Winogrand, supposed ultra-snapper, did do it fast, but he was meticulous about composing every shot and getting it right. He was just really fast at doing it, and so everybody thought he was some mad, magical snapshooter. All those tilts? Not sloppiness, but an active decision (right or wrong) on his part. He would fiddle with the camera and try vertical, horizontal, and tilt compositions, at lightning speed.
Cartier-Bresson was big on reacting to the scene, but he always maintained that "geometry," in other words, good composition, was the key element of a great photograph.
James Nachtwey, while not a "street photographer," does the same sort of work, except in warzones and not on the literal street. If you watch him work, he works the scene over, taking a bunch of shots, but adjusting his composition (quickly) for each one.
David Alan Harvey hasn't weighed in that I've encountered on composition directly, but he does emphasize reacting- over time, getting in with a subject and shooting it well. Reactions, but not "quick" ones.

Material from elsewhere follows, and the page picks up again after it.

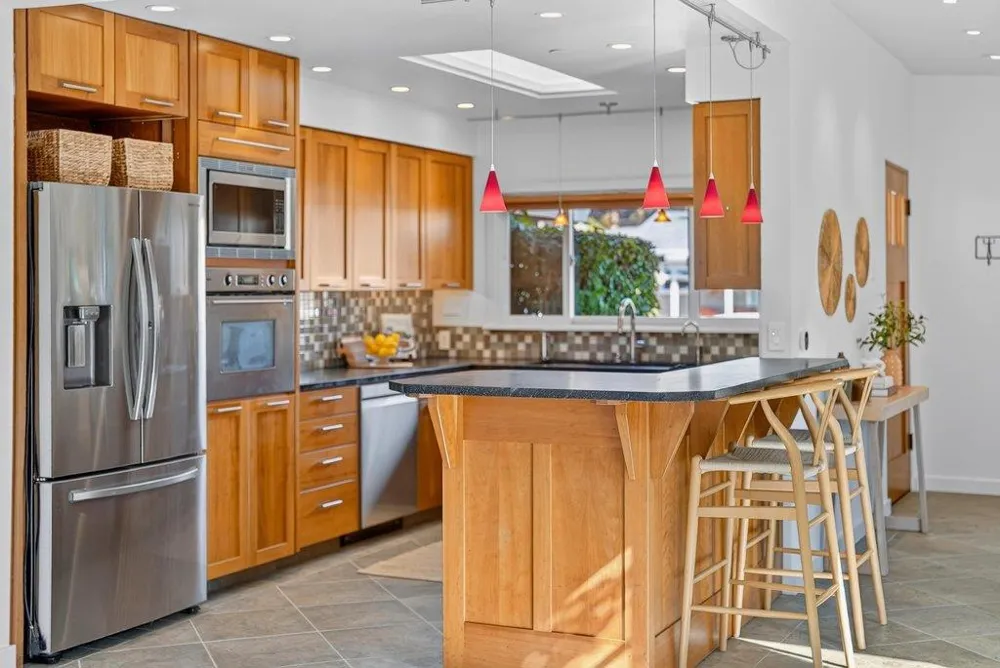 325 25th Avenue Santa Cruz, CA 95062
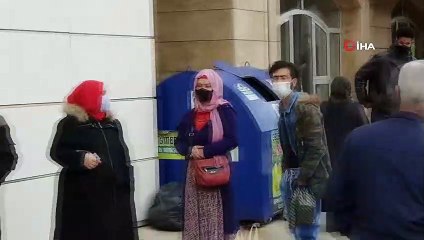 Vatandaşlar Yoğunluk Oluşturdu, Bekçiler ‘Sosyal Mesafe’ Uyarısı Yaptı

I bought into the whole "snapshot" thing, too, for a time, and that was what I got: snapshots. Then with reflection, I realized that the best shots I got were the ones where I worked the scene, a bit like the Nachtwey style I'm describing above. I tend to get my best shots either walking repeatedly around a crowded area, or just plopping myself in one spot and shooting. Everyone's different, but composition is crucial. Just getting out and shooting randomly is liberating, but it seldom produces great shots, just like freewrites are liberating for writers, but Dostoevsky didn't make Karamazov haphazardly.